Galactosemia is a rare genetic disorder where galactose (a by-product of lactose digestion) fails to convert to glucose.
Lactose is one of the main carbohydrate components present in milk. In the infant intestine, this lactose is broken down into glucose and galactose, which are then used as a source of energy.
In healthy babies, galactose is further metabolized and converted to glucose via a series of enzymatic reactions, one of which involves the enzyme galactose-1-phosphate uridyl transferase (GALT).
In galactosemia, this enzyme is either defective or missing. When this happens, an infant is unable to convert the galactose into glucose, which causes galactose to accumulate in the blood. This can lead to serious problems such as liver enlargement, kidney failure, brain damage and cataracts. Left untreated, this condition kills up to 75% of sufferers.
As milk is the staple diet for babies, the condition needs to be diagnosed as soon as possible to improve the child’s chances of survival.
Causes of galactosemia
Galactosemia is caused by a mutation in the gene that codes for the GALT enzyme.
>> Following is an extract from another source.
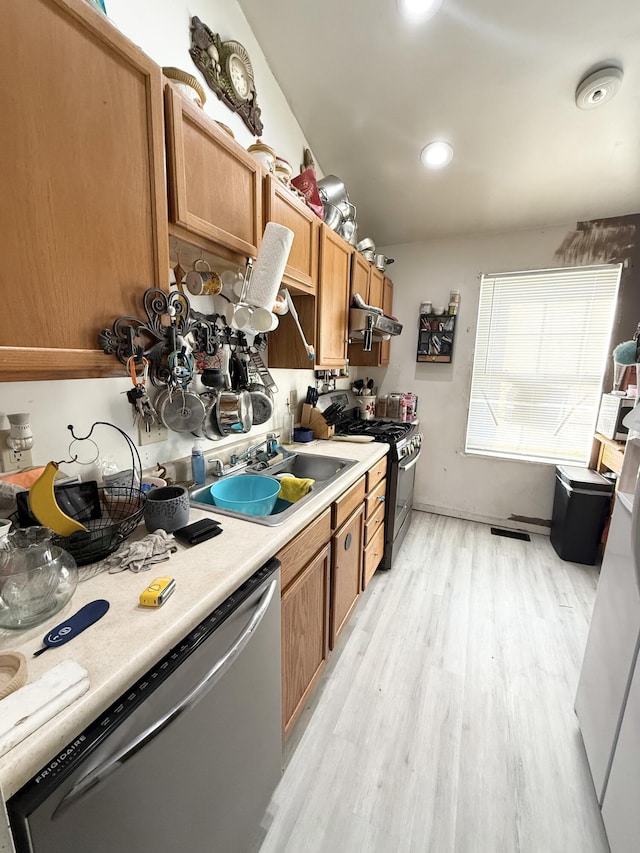 kitchen featuring stainless steel appliances, extractor fan, light hardwood / wood-style floors, and sink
The condition is inherited in an autosomal recessive manner, which means a child only develops the condition if they inherit two abnormal copies of the GALT gene, one from each of their parents.
Each child born to carrier parents has a 50% chance of inheriting one defective gene and also being a carrier; a 25% chance of inheriting both defective copies and developing the condition themselves, and a 25% chance of not inheriting a defective gene, meaning they neither develop the condition or become a carrier.
Prenatal tests can be performed to check for galactosemia as early on as the 15th to 16th week of pregnancy. However, the condition is usually first detected through a heel prick test that is performed 72 hours after birth as part of newborn screening.
The condition is managed by feeding infants on a diet that is free of lactose and galactose. This helps to prevent complications such as liver and kidney damage, although some individuals still go on to develop long-term complications.